L’article 25 de la loi du 10 juillet 1965 énonce que certaines décisions ne peuvent être adoptées qu'à la majorité des voix de tous les copropriétaires.

Toutefois, les décisions qui relèvent du précédent article qui ne sont pas adoptées à la majorité des voix de tous les copropriétaires, peuvent être adoptées à la majorité des voix exprimées des copropriétaires présents et représentés, si le projet a recueilli au moins le tiers des voix de tous les copropriétaires du syndicat.

Il s’agit d’une « passerelle de majorité » dont l’objectif est d’empêcher tout blocage du fonctionnement de la copropriété.

  • Le principe de la majorité de l’article 25 de la loi du 10 juillet 1965

Le principe est fixé par l’article 25 de la loi du 10 juillet 1965 qui dispose que : « Ne sont adoptées qu’à la majorité des voix de tous les copropriétaires les décisions concernant : … ».

La majorité de l'article 25 doit se calculer sur la totalité des voix des copropriétaires de l'immeuble et non des copropriétaires présents ou représentés (Cass. 3e civ., 16 mars 2005, n° 03-18.153 : JurisData n° 2005-027643.).

Cet article fixe une liste des décisions qui relèvent de cette majorité telles que :

  • L’autorisation donnée à certains copropriétaires d’effectuer à leurs frais des travaux affectant les parties communes ou l’aspect extérieur de l’immeuble, et conformes à la destination de celui-ci ;
  • La désignation ou la révocation du ou des syndics et des membres du conseil syndical ;
  • L’installation ou la modification d’une antenne collective ou d’un réseau de communications électroniques interne à l’immeuble dès lors qu’elle porte sur des parties communes ;
  • L’autorisation permanente accordée à la police ou à la gendarmerie nationales de pénétrer dans les parties communes ;
  • L’installation de compteurs d’eau froide divisionnaires ;
  • Les travaux à effectuer sur les parties communes en vue de prévenir les atteintes aux personnes et aux biens.

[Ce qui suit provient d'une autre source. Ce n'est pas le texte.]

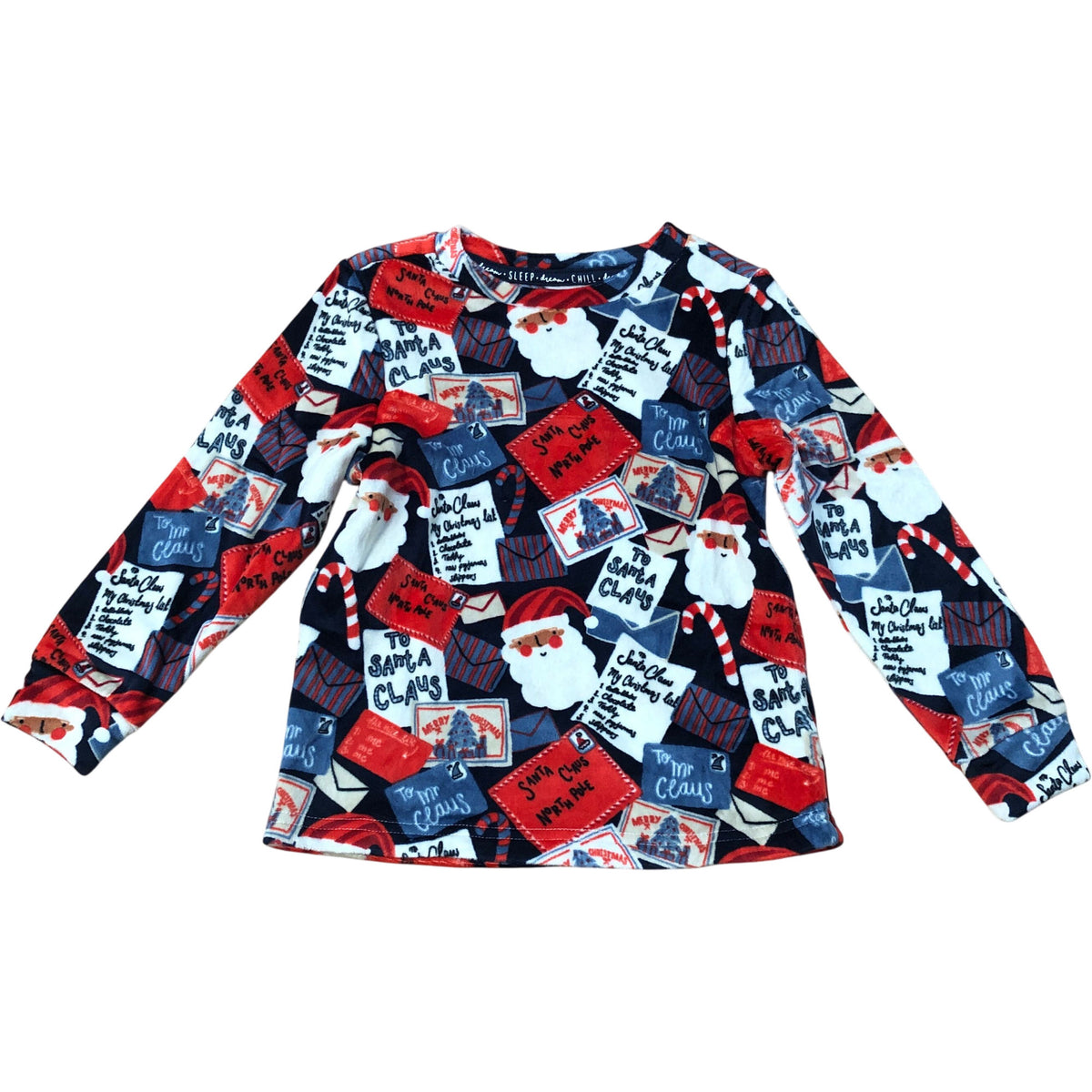 Kids Christmas Santa Mail Pyjamas 2-3 Years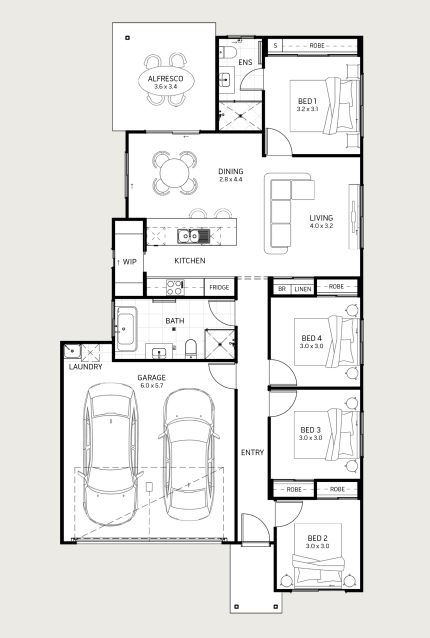 Dawn Estate – Walloon — Lot 1531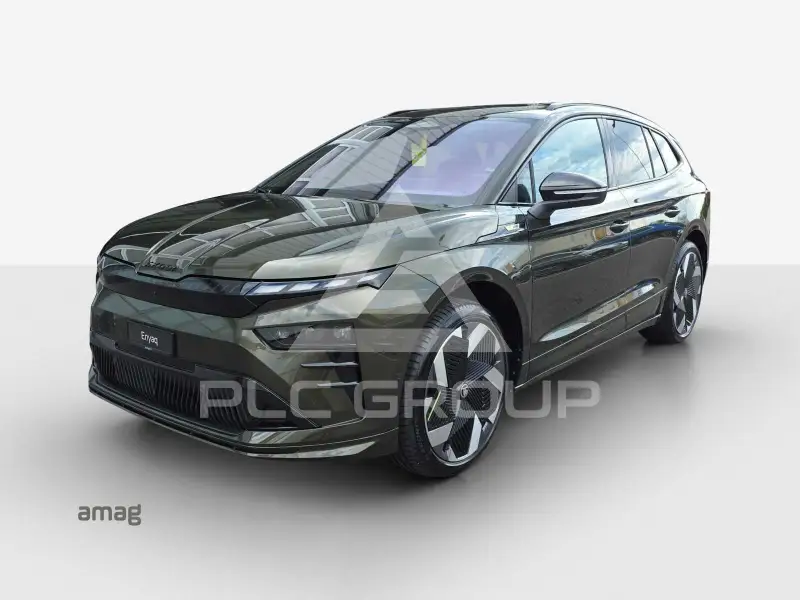 2026 Skoda Enyaq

Il faut noter qu’il existe dans d’autres articles de la loi du 10 juillet 1965 des cas qui font référence à cette majorité comme l’article 28 de la loi du 10 juillet 1965.

Dans ce cas le texte fait référence « à la majorité des voix de tous les copropriétaires » et non à la majorité de l’article 25 de ladite loi.

Cette particularité laisse supposer que dans ce cas le législateur n’entend pas faire bénéficier cette décision de la possibilité de recourir à l’abaissement de majorité prévu à l’article 25-1 de la loi.

L'avant-dernier alinéa antérieur de l'article 25 de la loi a donné lieu à des difficultés d'interprétation c’est pourquoi, il a été remplacé par l'article 25-1 (modifié par la loi n° 2014-366 du 24 mars 2014)

  • L’abaissement de majorité par l’article 25-1 de la loi du 10 juillet 1965

« Lorsque l'assemblée générale des copropriétaires n'a pas décidé à la majorité prévue à l'article précédent mais que le projet a recueilli au moins le tiers des voix de tous les copropriétaires composant le syndicat, la même assemblée peut décider à la majorité prévue à l'article 24 en procédant immédiatement à un second vote.

Lorsque le projet n'a pas recueilli au moins le tiers des voix de tous les copropriétaires, une nouvelle assemblée générale, si elle est convoquée dans le délai maximal de trois mois, peut statuer à la majorité de l'article 24.

Le présent article n'est pas applicable aux n et o de l'article 25. »

La jurisprudence estime que le recours à une seconde assemblée générale n'est pas obligatoire et s'avère irrecevable si la question déférée à un nouveau vote ne relève pas de la majorité requise à l'article 25 (CA Paris, 23e ch., sect. B, 27 mars 2008 : JurisData n° 2008-363113 ; Loyers et copr. 2008, comm. 197).

De plus, l'article 25-1 n'exige pas une décision intermédiaire de soumettre la question à un nouveau vote avant de procéder à une nouvelle délibération relevant de l'article 24 (Cass. 3e civ., 23 janv. 2013, n° 11-26.800 : JurisData n° 2013-000786 ; Loyers et copr. 2013, comm. 88).

Le présent article présente deux situations lorsque la majorité des voix de tous les copropriétaires n’a pas été acquise lors du premier vote :

  • Premier cas

Si le projet a toutefois recueilli au moins le tiers des voix de tous les copropriétaires alors l’assemblée procède à un nouveau vote au vu du résultat du premier sans formalités préalables.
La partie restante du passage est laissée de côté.